Detroit Tigers pitcher Kenta Maeda throws during spring training at TigerTown in Lakeland, Fla. on Wednesday, Feb. 21, 2024.

Center fielder Parker Meadows had an impressive game, finishing 1-for-2 with one walk. He stole second base after drawing a walk in the third inning, and he turned a single into a double with smart baserunning in the fifth.

That inning, Meadows — a left-handed hitter — battled with left-handed reliever Cionel Pérez. He poked a slider on the outside part of the plate into shallow right-center, hustled out of the batter's box and kept running hard.

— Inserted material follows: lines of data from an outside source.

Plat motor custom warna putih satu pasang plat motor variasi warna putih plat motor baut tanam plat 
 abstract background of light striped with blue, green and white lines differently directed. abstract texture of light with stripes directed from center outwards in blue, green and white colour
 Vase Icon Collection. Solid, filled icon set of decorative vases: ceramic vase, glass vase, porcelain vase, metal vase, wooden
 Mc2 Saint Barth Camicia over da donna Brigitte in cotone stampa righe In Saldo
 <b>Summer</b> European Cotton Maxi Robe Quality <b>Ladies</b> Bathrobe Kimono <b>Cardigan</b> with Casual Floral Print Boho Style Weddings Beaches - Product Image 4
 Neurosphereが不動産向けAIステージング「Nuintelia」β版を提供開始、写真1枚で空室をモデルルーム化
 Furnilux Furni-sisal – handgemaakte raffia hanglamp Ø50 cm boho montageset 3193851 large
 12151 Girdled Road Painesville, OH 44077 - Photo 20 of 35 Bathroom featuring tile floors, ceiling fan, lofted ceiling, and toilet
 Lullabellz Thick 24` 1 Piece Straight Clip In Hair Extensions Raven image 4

Meadows caught center fielder Colton Cowser sleeping and ended up safe on second.

Meadows, an elite defender in center, continues to look comfortable at the plate in spring training.

Starting off

Maeda dominated with his secondary pitches.

His fastball, though, averaged 90.1 mph in his fourth start of spring training, an increase from 89.2 mph in his third start, 89.5 mph in his second start and 89.3 in his first start. The increased velocity, as well as the improved command, is an encouraging sign as Maeda inches closer to the regular season.

Maeda averaged 91 mph with his fastball last season.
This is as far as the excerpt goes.